Counting Crows asserted its place in the world during the 90s, after Duritz and guitarist David Bryson began working as an acoustic duo in the San Francisco Bay Area. With its filled-out lineup, Counting Crows generated buzz by playing in Van Morrison stead’s at his Rock and Roll Hall of Fame induction during January of 1993 — seven months before the release of its seven-times-platinum debut album, August and Everything After and its band-defining hits “Mr. Jones,” “Round Here” and “Rain King.” Since then, Counting Crows has sold more than 20 million records worldwide and was nominated for an Academy Award for “Accidentally in Love” from Shrek 2 in 2004.
This year, meanwhile, marks the 20th for the current lineup, since “new guy” Powers joined in 2005.
“I always wanted to be in a band and stay together,” says Duritz. And even though he’s worked outside the band on a variety of projects — with the Wallflowers, Ryan Adams and other acts as well as films such as Josie and the Pussycats and The Locusts, and running a couple of record labels — Duritz contends that, “I never wanted to be a solo artists. I have no interest in that shit. It’s a hard thing to stay together as a band, and it’s not surprising to me we’ve lost a couple people over 30 years, but right now it feels like we can go on forever — except I know that nothing works that way, y’know?”
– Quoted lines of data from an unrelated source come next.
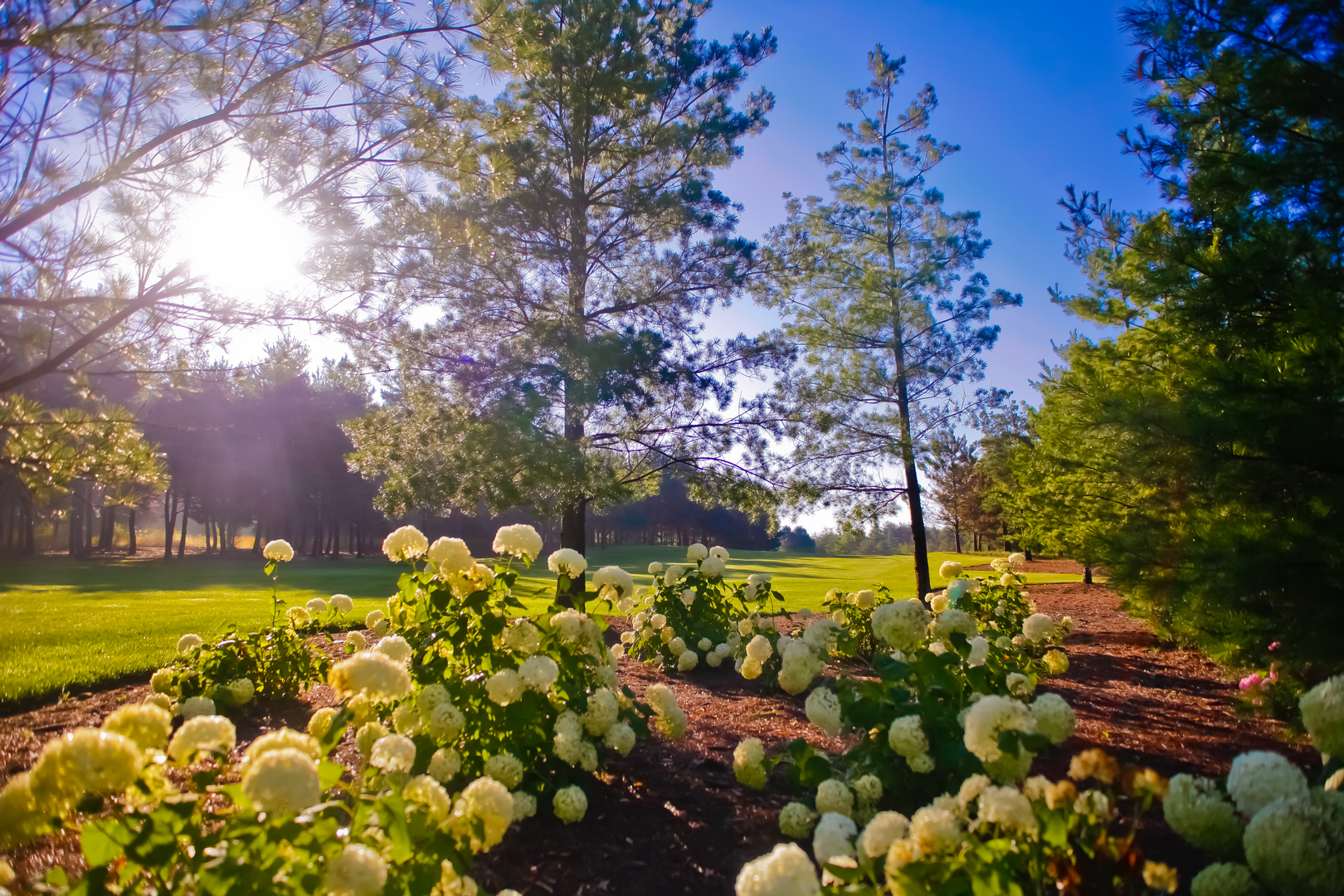 0000 Brookdale Rd Woodstock, IL 60098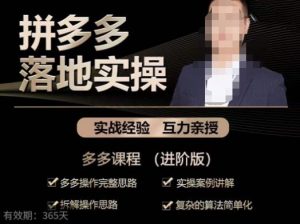 拼多多实战篇·落地实操:多多操作完整思路+实操案例讲解+拆解操作思路+复杂的算法简单化_微雨项目网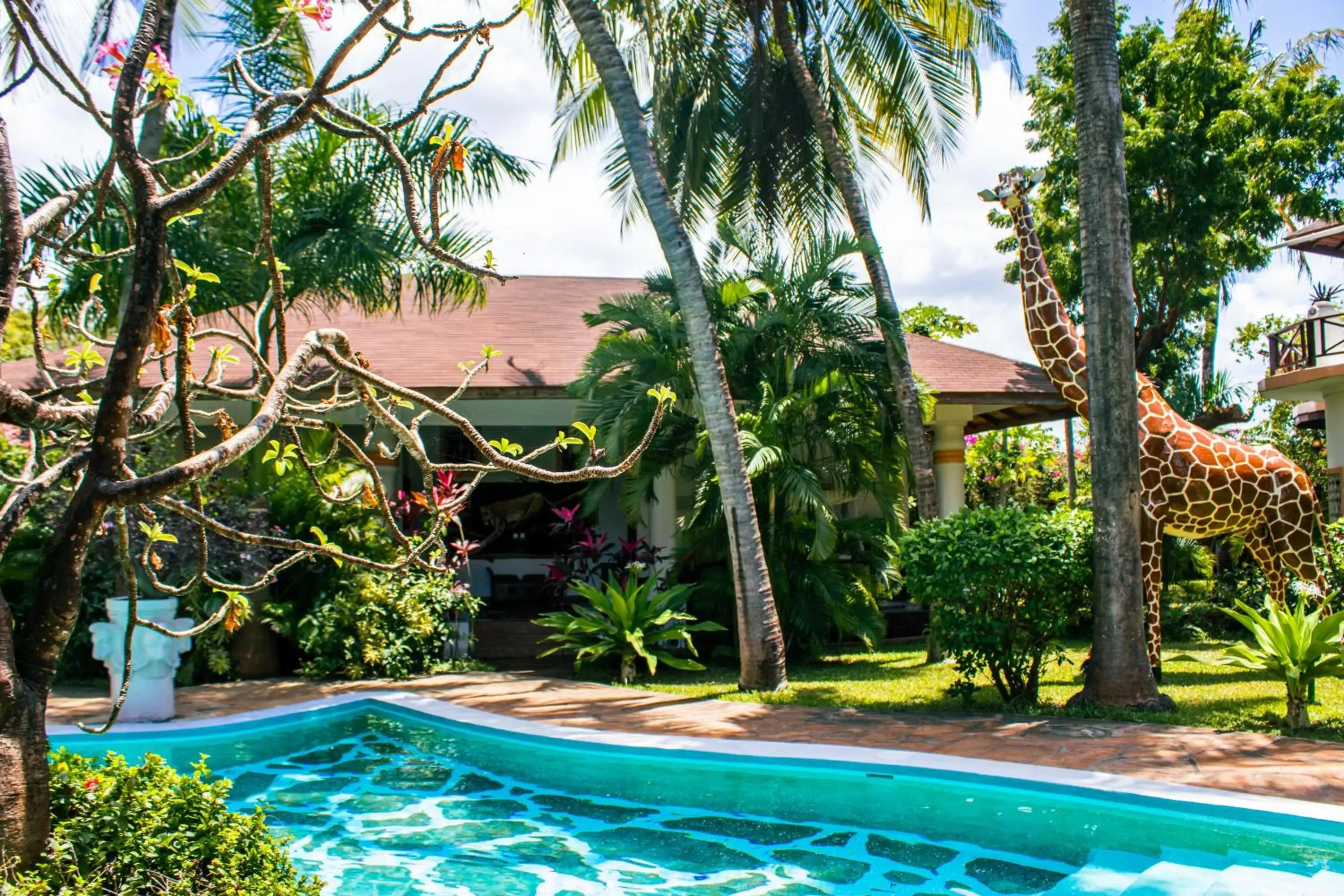 Guests, Swimming Pool in African House Resort
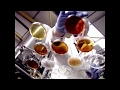 Shell CTO Gerald Schotman: innovating in partnership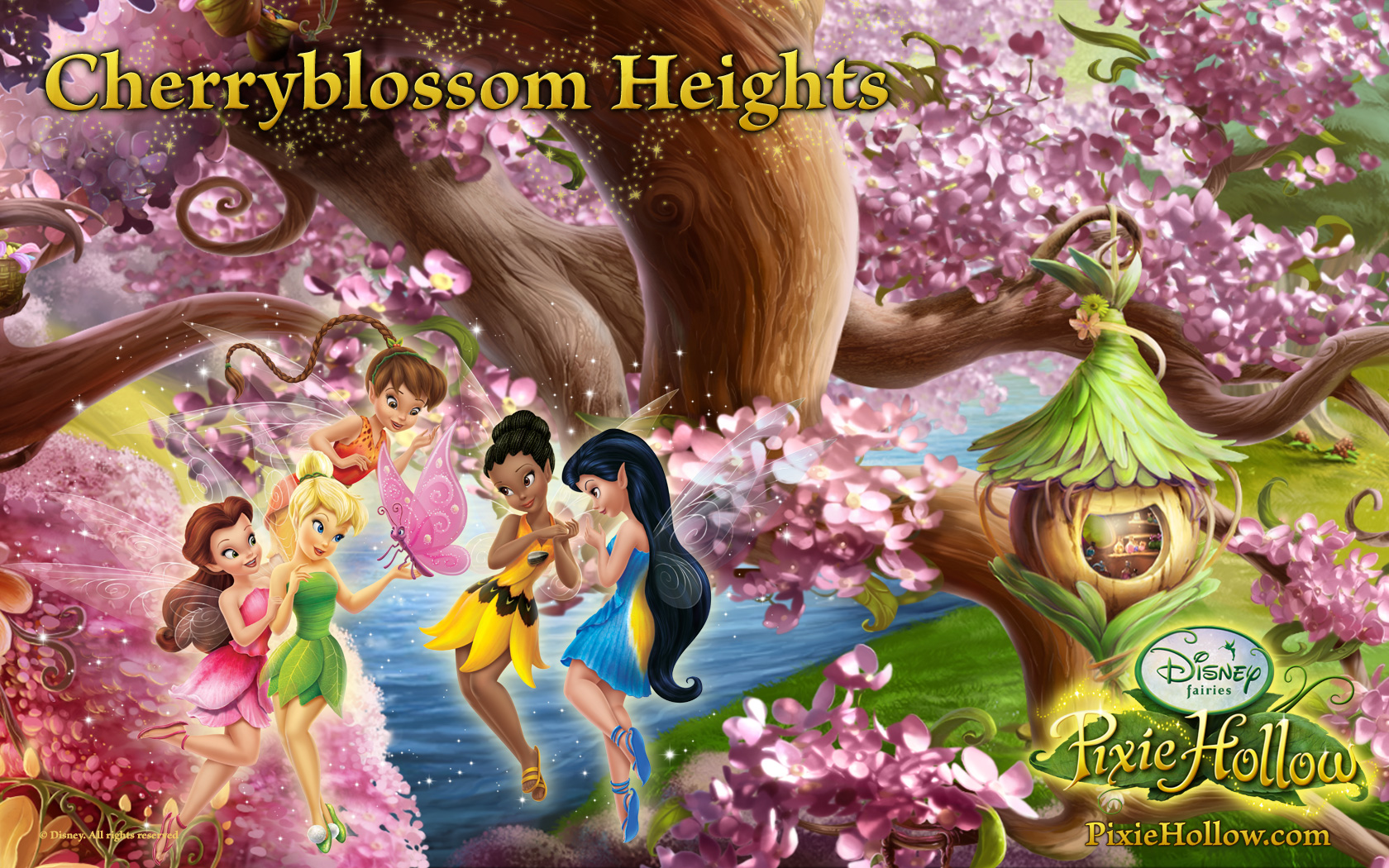 Fairies Disney Fairies - HD Wallpaper 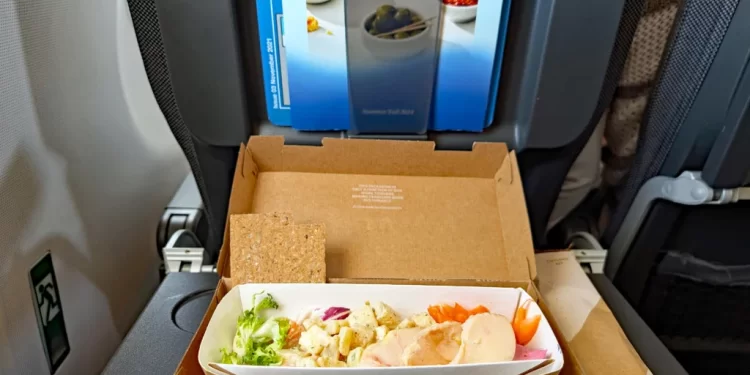 Yemek tepsisinden çıkan fare uçağa acil iniş yaptırdı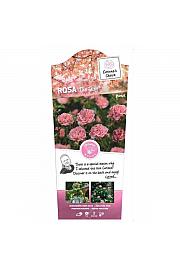 Rosa hybrid The Fairy C6 Lit. Na steblu 90 cm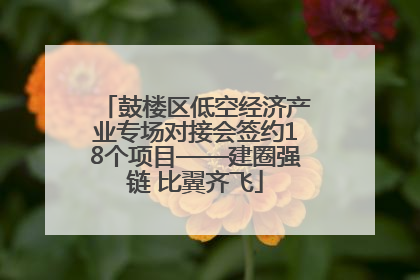 鼓楼区低空经济产业专场对接会签约18个项目——建圈强链 比翼齐飞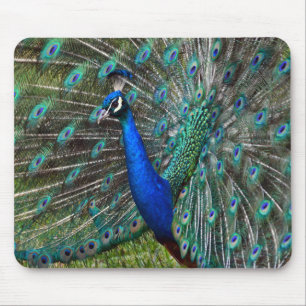 Colourful peacock print mouse mat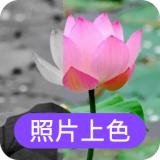 数创照片上色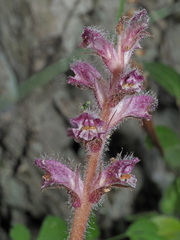 Orobanche pubescens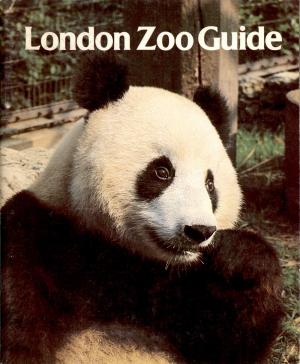 Guide 1982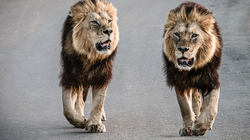 14 luanë “dalin xhiro” në një qytet të Afrikës së Jugut, banorët në panik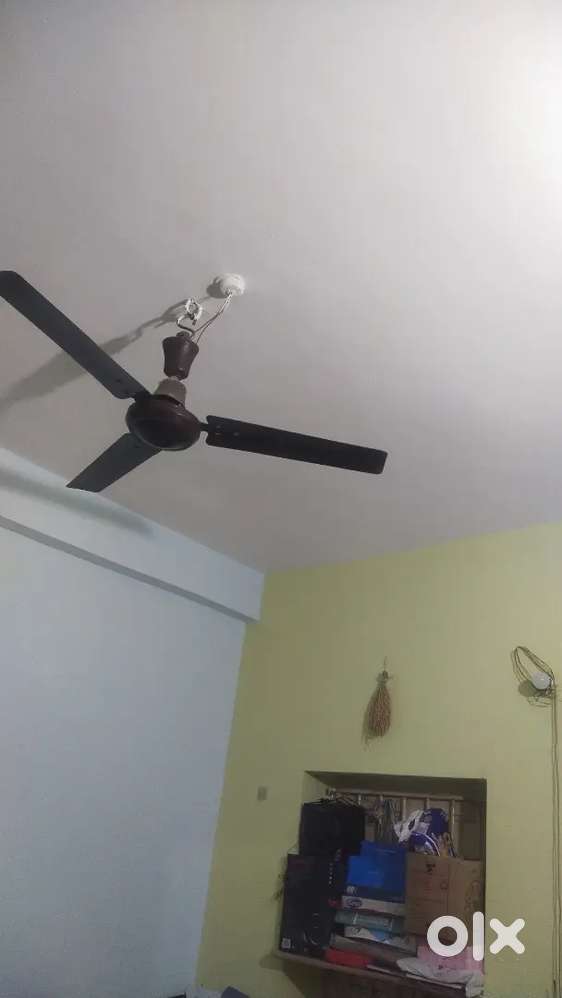 Only female,or family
Nevertheless, Counting Crows is gearing up for its Complete Sweets Tour!, which kicks off June 10 in Nashville and runs through Aug. 23, with Gaslight Anthem supporting. And while forever seems like a big word, Duritz feels confident that the band will be with us for quite a while longer.
“I’m not tired of it at all,” he says. “There were points where I was having more trouble with myself emotionally, and the band’s stress was just too much. But our manager’s great now. Our lawyer’s great. I totally trust everybody. All that stress is gone. The band is so stable and great, and we’re still killing it.
“So we’re on our way again. Things feel good. Everyone seems to be in a really good place. It’s a happy time — and,” he adds with another laugh, “if even I can be happy, what’s to stop everyone else from being happy, right?”